=== Begin Enclosure ===

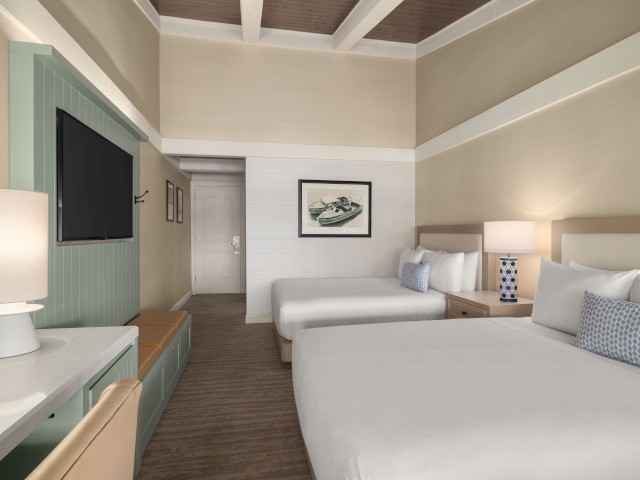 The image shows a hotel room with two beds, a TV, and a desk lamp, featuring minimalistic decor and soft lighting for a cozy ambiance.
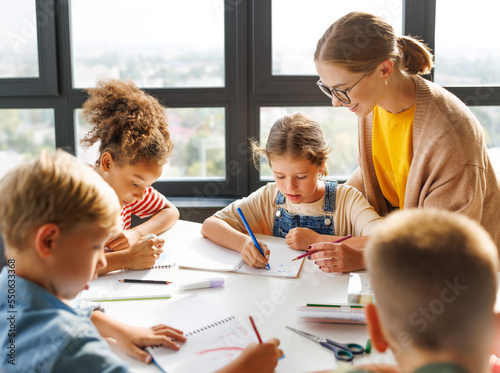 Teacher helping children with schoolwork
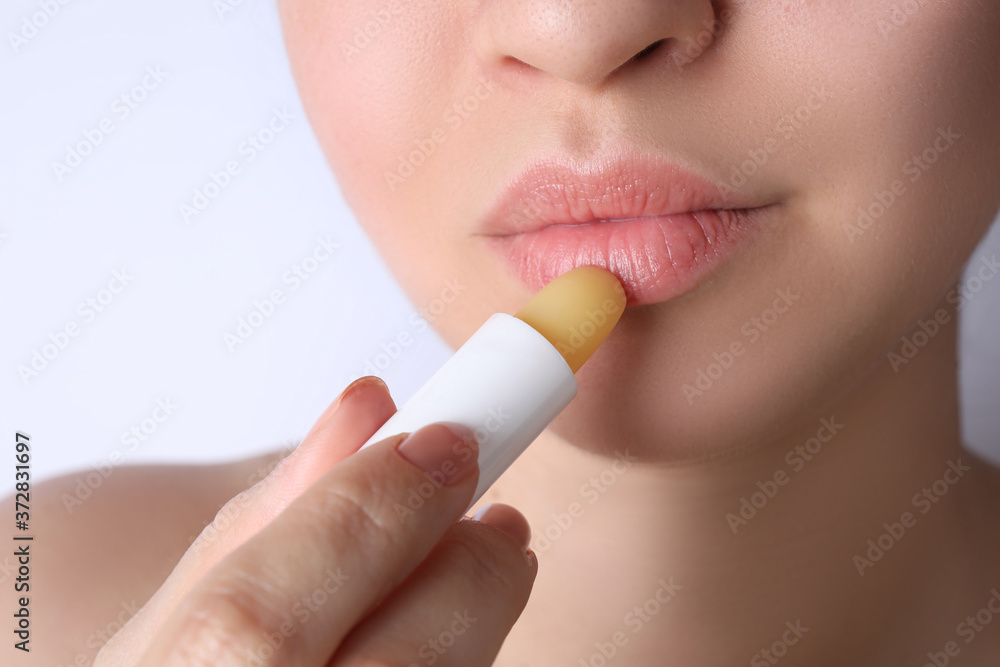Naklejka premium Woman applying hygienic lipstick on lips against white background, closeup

=== End Enclosure ===
=== Begin Enclosure ===

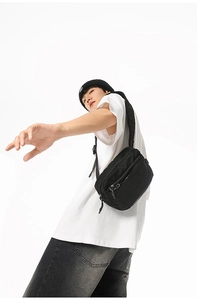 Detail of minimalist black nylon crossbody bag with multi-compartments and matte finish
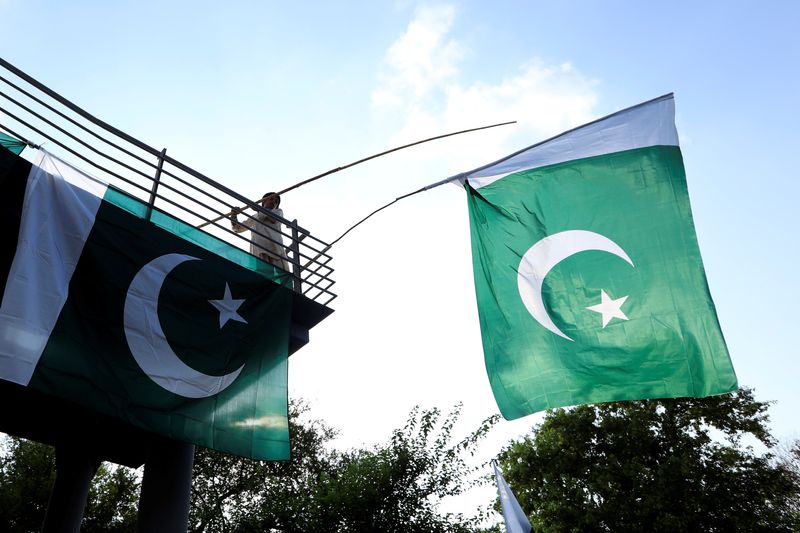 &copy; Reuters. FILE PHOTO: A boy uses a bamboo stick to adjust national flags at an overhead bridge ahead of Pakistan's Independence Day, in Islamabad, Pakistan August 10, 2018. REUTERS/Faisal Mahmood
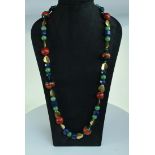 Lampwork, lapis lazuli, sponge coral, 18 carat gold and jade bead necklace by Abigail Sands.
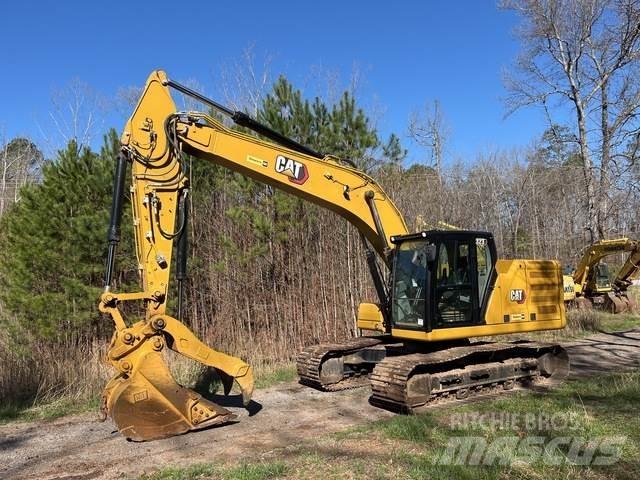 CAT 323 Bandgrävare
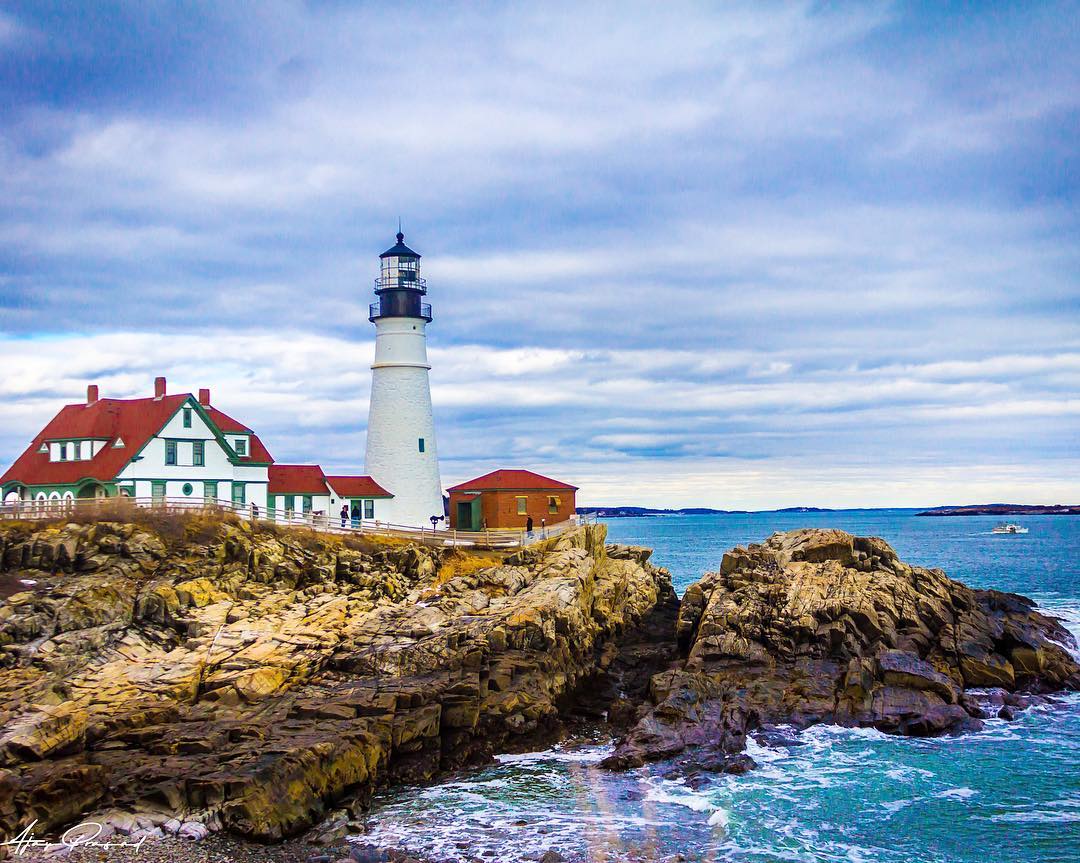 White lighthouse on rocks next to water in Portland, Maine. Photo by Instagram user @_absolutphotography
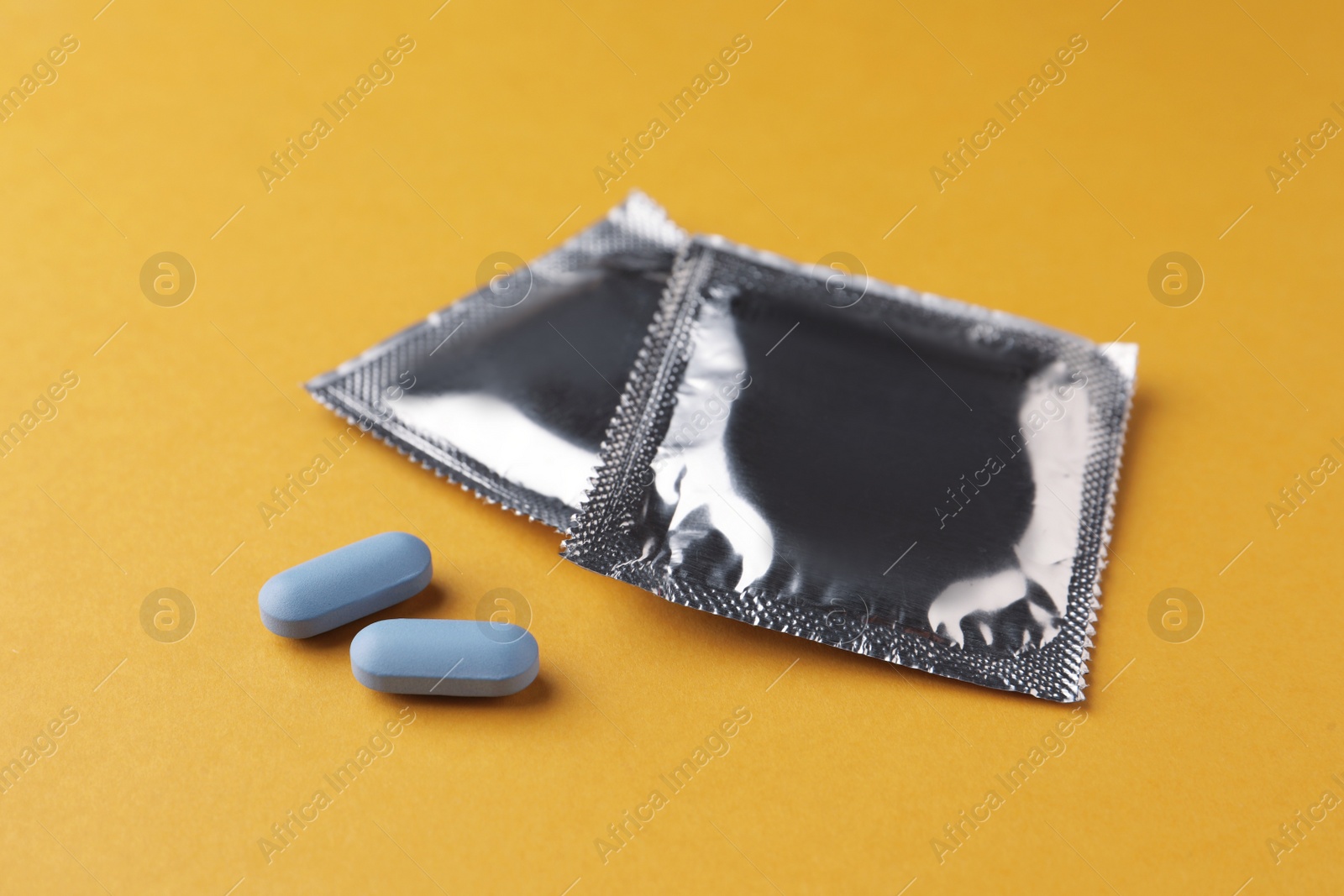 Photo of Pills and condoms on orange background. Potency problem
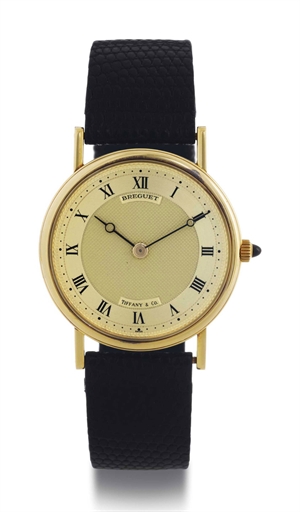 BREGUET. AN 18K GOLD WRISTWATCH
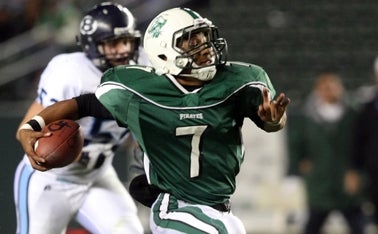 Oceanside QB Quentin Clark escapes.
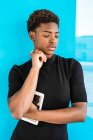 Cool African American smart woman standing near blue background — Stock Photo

=== End Enclosure ===

• TASK:
Output exactly the lines above that lie between the line with "White lighthouse on" and the line with "Oceanside QB Quentin Clark escapes.", those two lines included, and no pictures.

• RESPONSE TO THIS TASK:
 White lighthouse on rocks next to water in Portland, Maine. Photo by Instagram user @_absolutphotography
 Photo of Pills and condoms on orange background. Potency problem
 BREGUET. AN 18K GOLD WRISTWATCH
 Oceanside QB Quentin Clark escapes.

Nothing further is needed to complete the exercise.